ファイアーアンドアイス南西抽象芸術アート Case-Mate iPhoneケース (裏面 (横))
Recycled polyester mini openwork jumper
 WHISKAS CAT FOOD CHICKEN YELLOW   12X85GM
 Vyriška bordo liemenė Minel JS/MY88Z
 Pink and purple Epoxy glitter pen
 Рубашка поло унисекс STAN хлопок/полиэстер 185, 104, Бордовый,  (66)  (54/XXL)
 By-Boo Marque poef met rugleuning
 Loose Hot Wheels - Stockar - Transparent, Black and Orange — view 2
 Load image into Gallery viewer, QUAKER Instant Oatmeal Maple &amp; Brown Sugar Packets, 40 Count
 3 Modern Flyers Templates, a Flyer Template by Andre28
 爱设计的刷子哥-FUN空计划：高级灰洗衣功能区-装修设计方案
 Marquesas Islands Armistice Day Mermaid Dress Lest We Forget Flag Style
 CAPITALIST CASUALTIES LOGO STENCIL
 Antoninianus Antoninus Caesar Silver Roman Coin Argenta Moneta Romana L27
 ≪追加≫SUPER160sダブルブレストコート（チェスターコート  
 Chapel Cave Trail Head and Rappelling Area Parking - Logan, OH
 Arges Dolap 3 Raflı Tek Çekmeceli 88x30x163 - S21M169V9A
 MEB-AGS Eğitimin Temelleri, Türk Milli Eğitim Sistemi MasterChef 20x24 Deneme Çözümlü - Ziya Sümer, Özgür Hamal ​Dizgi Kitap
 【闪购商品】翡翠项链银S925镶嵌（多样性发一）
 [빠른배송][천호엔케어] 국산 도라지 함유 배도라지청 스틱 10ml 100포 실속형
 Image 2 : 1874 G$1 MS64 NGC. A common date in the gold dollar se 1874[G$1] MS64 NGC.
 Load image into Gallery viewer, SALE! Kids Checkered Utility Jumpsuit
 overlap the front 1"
::::
> **What this task involves**
Make an exact copy of the listing shown above.

> **Answer to the problem**
ファイアーアンドアイス南西抽象芸術アート Case-Mate iPhoneケース (裏面 (横))
Recycled polyester mini openwork jumper
 WHISKAS CAT FOOD CHICKEN YELLOW   12X85GM
 Vyriška bordo liemenė Minel JS/MY88Z
 Pink and purple Epoxy glitter pen
 Рубашка поло унисекс STAN хлопок/полиэстер 185, 104, Бордовый,  (66)  (54/XXL)
 By-Boo Marque poef met rugleuning
 Loose Hot Wheels - Stockar - Transparent, Black and Orange — view 2
 Load image into Gallery viewer, QUAKER Instant Oatmeal Maple &amp; Brown Sugar Packets, 40 Count
 3 Modern Flyers Templates, a Flyer Template by Andre28
 爱设计的刷子哥-FUN空计划：高级灰洗衣功能区-装修设计方案
 Marquesas Islands Armistice Day Mermaid Dress Lest We Forget Flag Style
 CAPITALIST CASUALTIES LOGO STENCIL
 Antoninianus Antoninus Caesar Silver Roman Coin Argenta Moneta Romana L27
 ≪追加≫SUPER160sダブルブレストコート（チェスターコート  
 Chapel Cave Trail Head and Rappelling Area Parking - Logan, OH
 Arges Dolap 3 Raflı Tek Çekmeceli 88x30x163 - S21M169V9A
 MEB-AGS Eğitimin Temelleri, Türk Milli Eğitim Sistemi MasterChef 20x24 Deneme Çözümlü - Ziya Sümer, Özgür Hamal ​Dizgi Kitap
 【闪购商品】翡翠项链银S925镶嵌（多样性发一）
 [빠른배송][천호엔케어] 국산 도라지 함유 배도라지청 스틱 10ml 100포 실속형
 Image 2 : 1874 G$1 MS64 NGC. A common date in the gold dollar se 1874[G$1] MS64 NGC.
 Load image into Gallery viewer, SALE! Kids Checkered Utility Jumpsuit
 overlap the front 1"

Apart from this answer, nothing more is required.